This week, Odyssey released two new world models. Starchild-1, billed by the team as the first multimodal world model, learns to generate synchronized audio and video in real time, responding continuously to streaming user input. Agora-1, released alongside it, is the team’s first multi-agent world model: up to four people share the same simulated environment as it is being generated, frame by frame.
From clip-generators to simulators
For most of the last three years, generative video has meant clip-makers: models that take a prompt and render a fixed-length, fixed-trajectory output video. Veo, Sora, Kling, and their successors have made the visual fidelity of generated video remarkable. They are also fundamentally offline systems. Once generation begins, the future of the clip is locked.

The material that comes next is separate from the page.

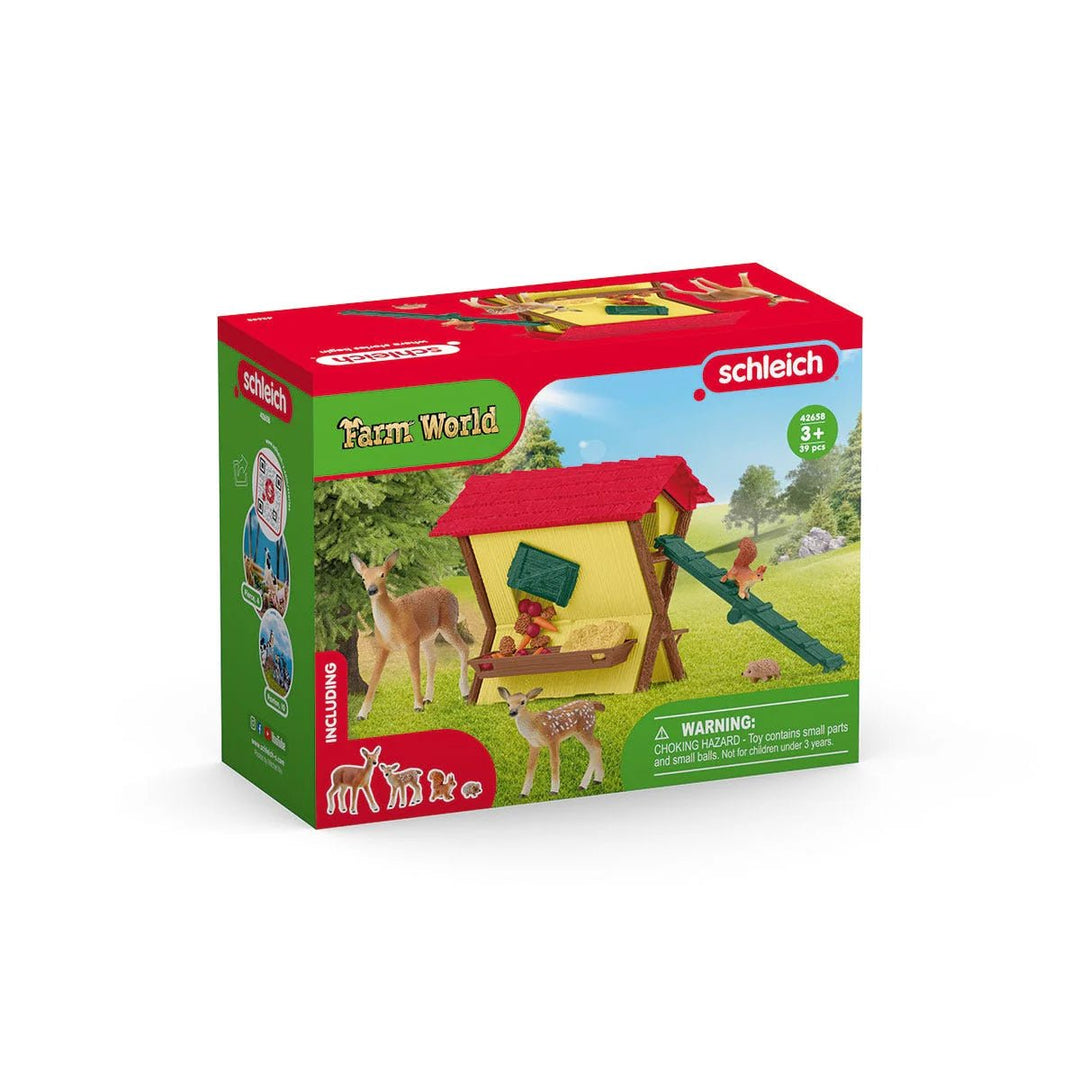 Feeding the Forest Animals - Tools 4 Teaching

World models are a different flavor of system. First, they predict the next state of an environment given the past, conditioned on what a participant - such as a person, an agent, a robot - does next. Second, they accept streaming input mid-rollout, and the world responds. Third, they hold a persistent, manipulable state, which makes the model a simulator rather than a render.
So what’s changed more recently? Causal video distillation matured (CausVid, Self-Forcing), and bidirectional joint audio-visual foundation models arrived (Ovi, Veo 3). Odyssey has been heads-down expanding these threads into something interactive.
Two new frontier models
Starchild-1 jointly generates audio and video autoregressively at up to 24 fps, while continuously responding to streaming text, speech, or action input. Odyssey frames the case for sound through Aquinas: “nothing is in the intellect that was not first in the senses”. Pretending the world is silent leaves a large amount of signal - physics, dynamics, intent, emotion - out of the model. Audio and video also evolve at very different temporal resolutions, and small errors in either modality compound during long-horizon rollout.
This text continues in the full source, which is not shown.